To do
Write out the listing exactly, dropping any picture it contains.

Collected material
####################

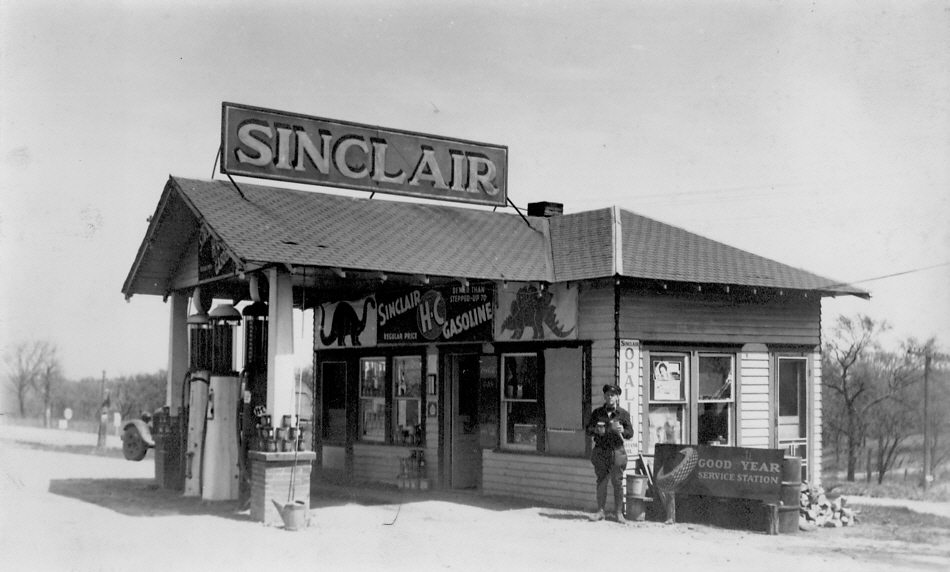 Orvile Coen Service Station, Jamesport, Daviess Co., Missouri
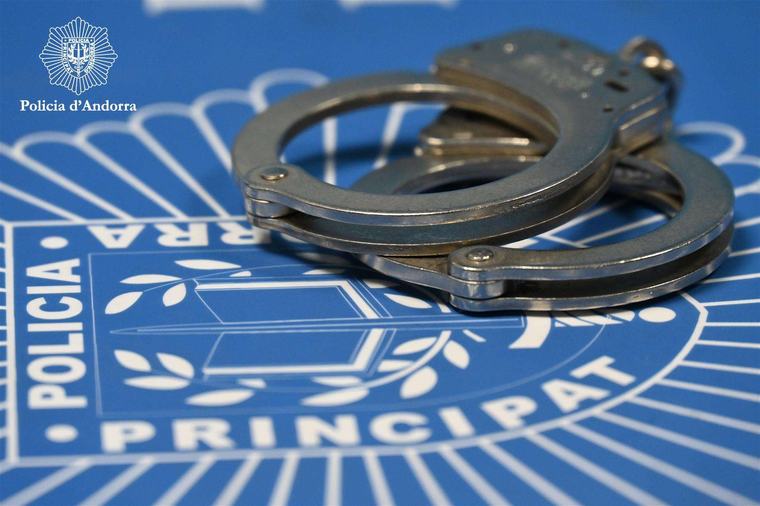 Dos detinguts a Andorra la Vella per presumptes agressions a la parella i a un menor
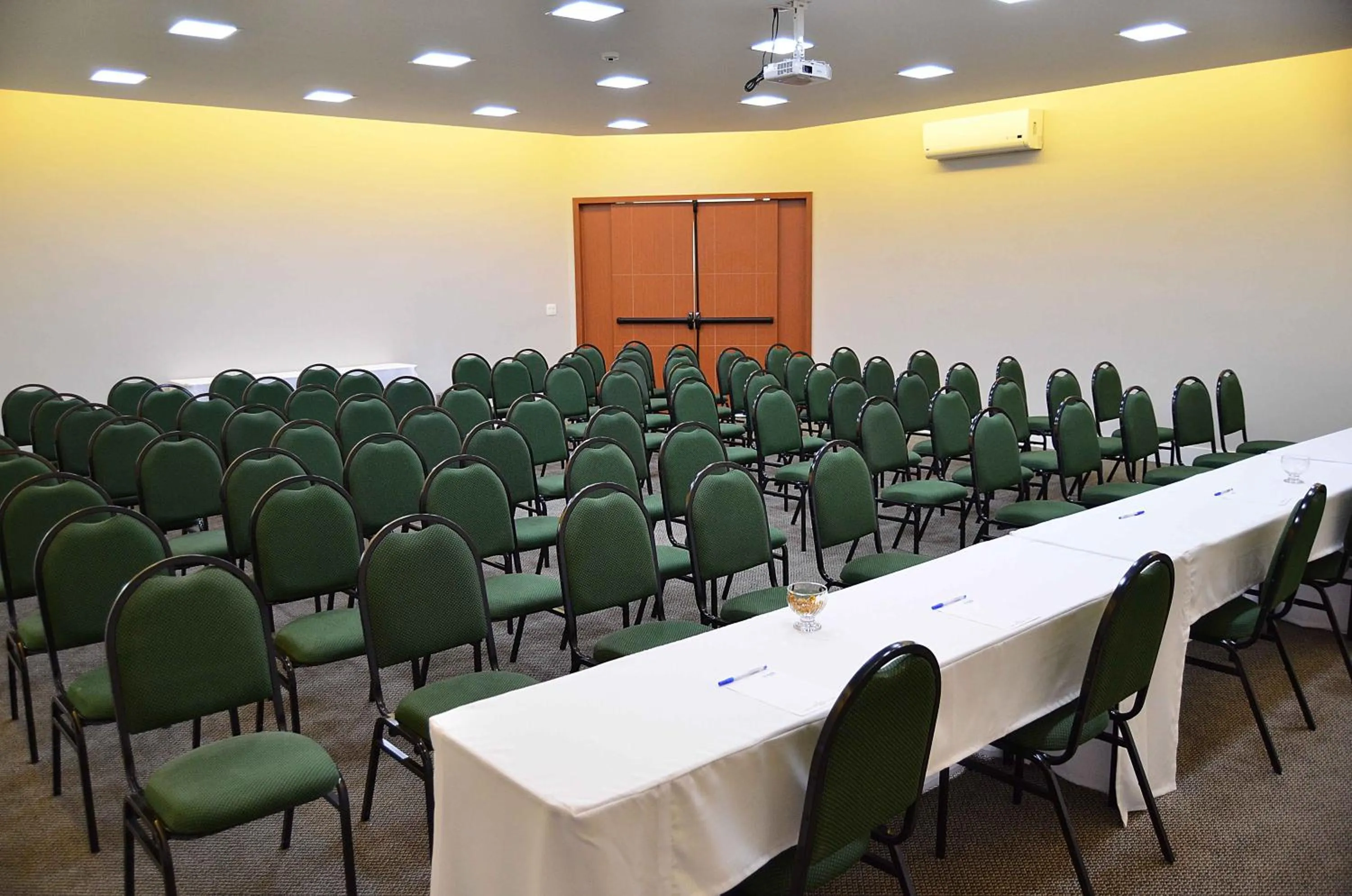 Meeting/conference room in Hotel Matão By Mercure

####################

Problem solution
 Orvile Coen Service Station, Jamesport, Daviess Co., Missouri
 Dos detinguts a Andorra la Vella per presumptes agressions a la parella i a un menor
 Meeting/conference room in Hotel Matão By Mercure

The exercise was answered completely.